Problem to solve - Please return only the lines from the one showing "14433 Wildwood Way, Saratoga, CA 95070" to the end of the entries, keeping both ends and dropping every picture.

Provided data -
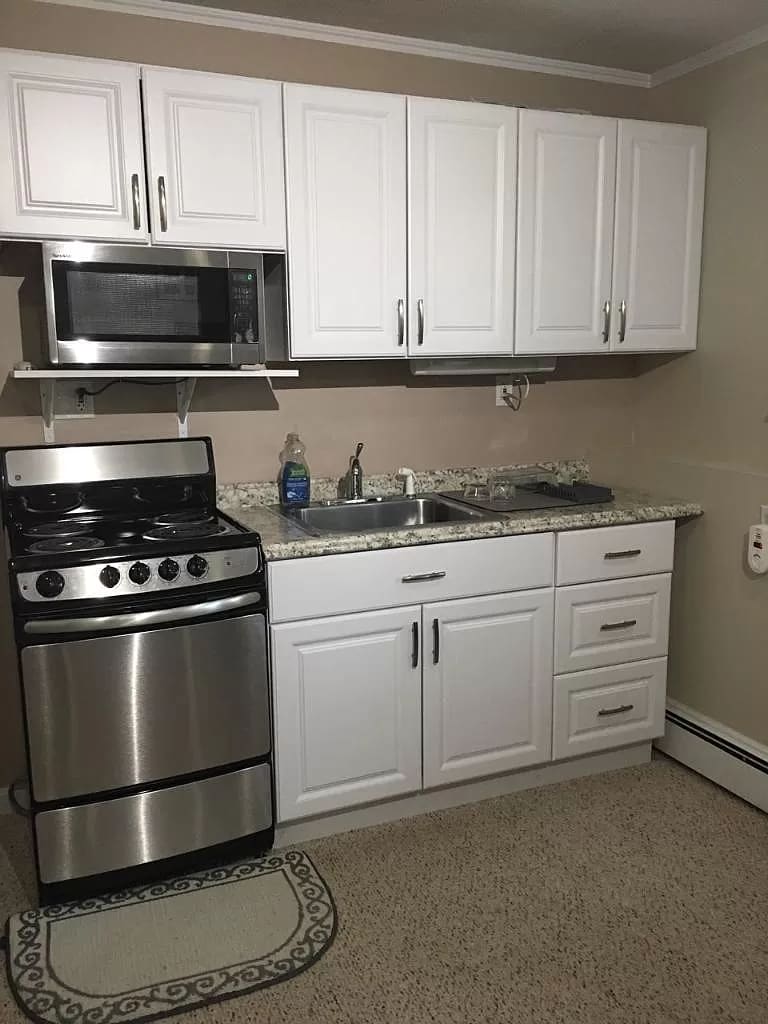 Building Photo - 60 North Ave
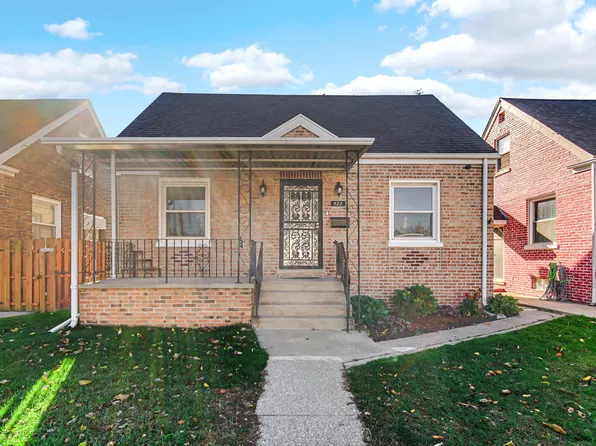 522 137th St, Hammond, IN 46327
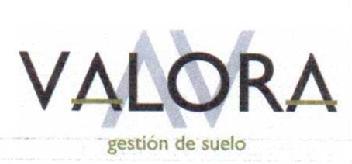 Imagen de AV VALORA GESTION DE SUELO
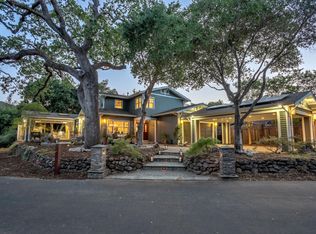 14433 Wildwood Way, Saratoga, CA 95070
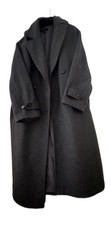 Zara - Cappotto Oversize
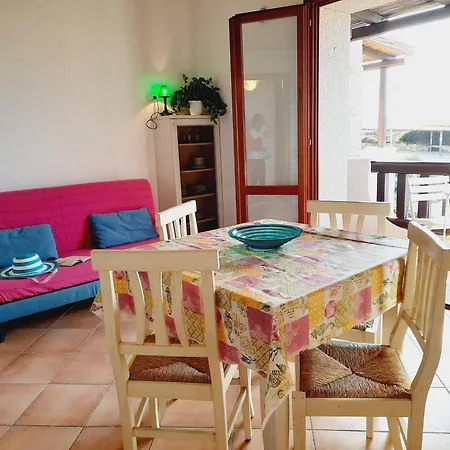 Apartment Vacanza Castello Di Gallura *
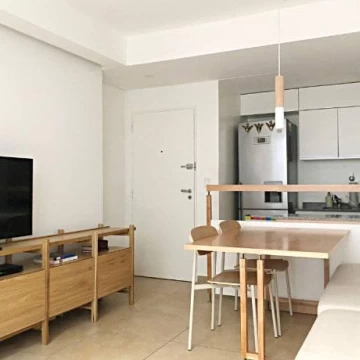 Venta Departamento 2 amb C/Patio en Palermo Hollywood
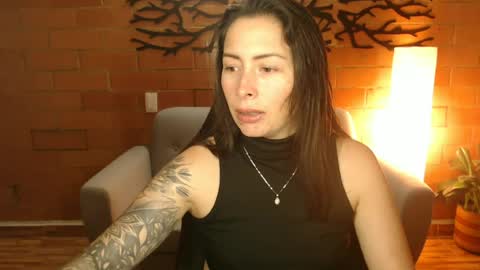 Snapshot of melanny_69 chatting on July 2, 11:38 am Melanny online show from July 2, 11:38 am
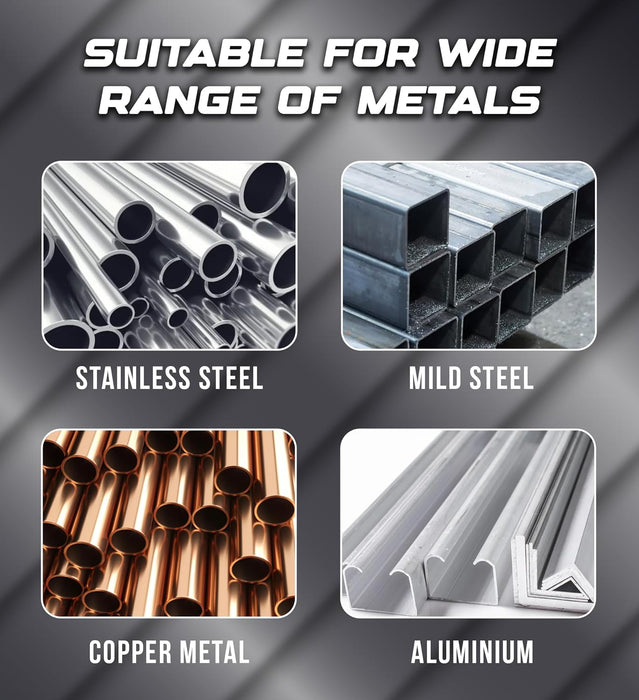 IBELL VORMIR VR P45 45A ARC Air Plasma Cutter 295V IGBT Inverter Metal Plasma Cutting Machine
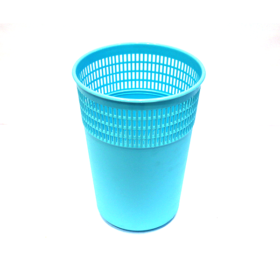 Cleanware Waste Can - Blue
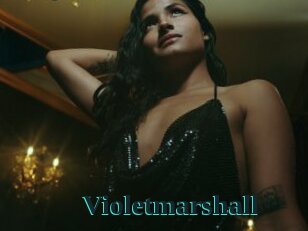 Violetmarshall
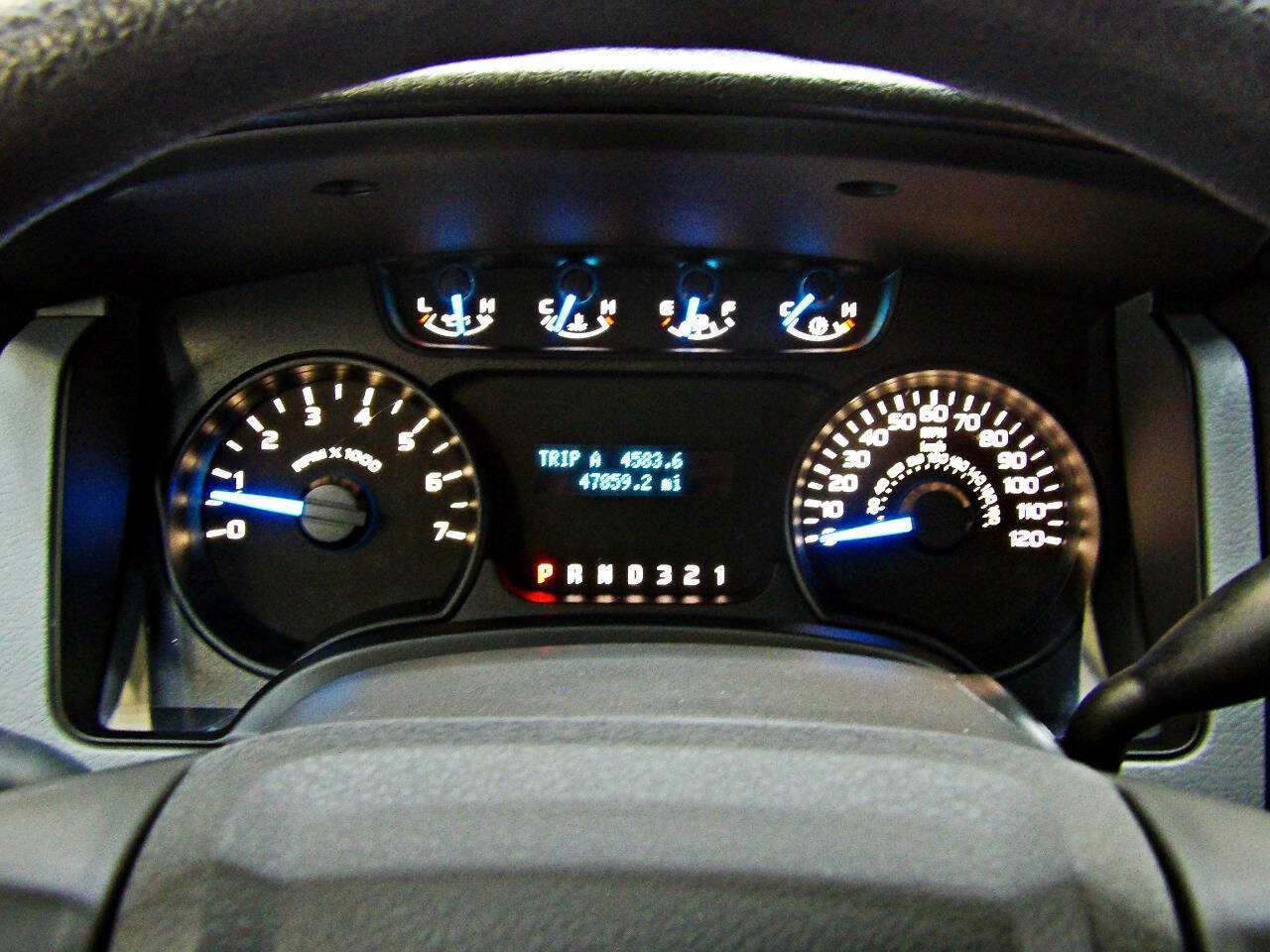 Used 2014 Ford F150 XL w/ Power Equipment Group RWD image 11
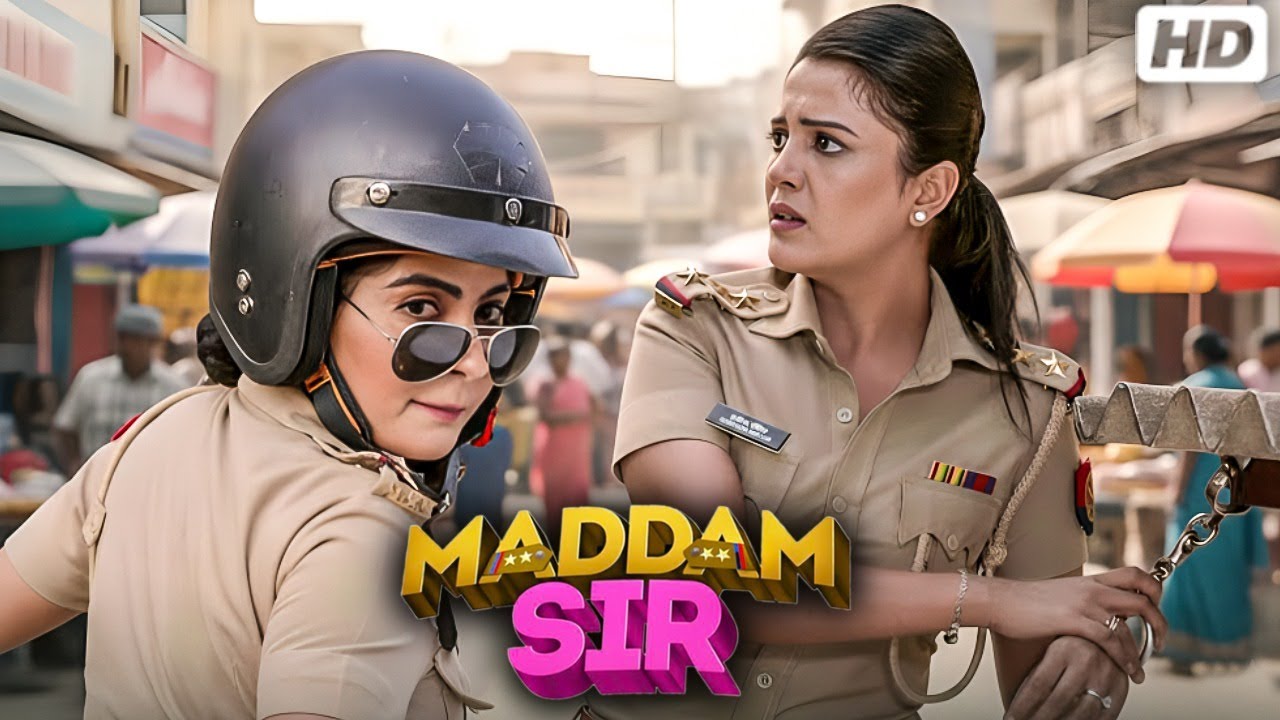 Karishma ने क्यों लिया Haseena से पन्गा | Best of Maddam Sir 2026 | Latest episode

Response for this exercise -
 14433 Wildwood Way, Saratoga, CA 95070
 Zara - Cappotto Oversize
 Apartment Vacanza Castello Di Gallura *
 Venta Departamento 2 amb C/Patio en Palermo Hollywood
 Snapshot of melanny_69 chatting on July 2, 11:38 am Melanny online show from July 2, 11:38 am
 IBELL VORMIR VR P45 45A ARC Air Plasma Cutter 295V IGBT Inverter Metal Plasma Cutting Machine
 Cleanware Waste Can - Blue
 Violetmarshall
 Used 2014 Ford F150 XL w/ Power Equipment Group RWD image 11
 Karishma ने क्यों लिया Haseena से पन्गा | Best of Maddam Sir 2026 | Latest episode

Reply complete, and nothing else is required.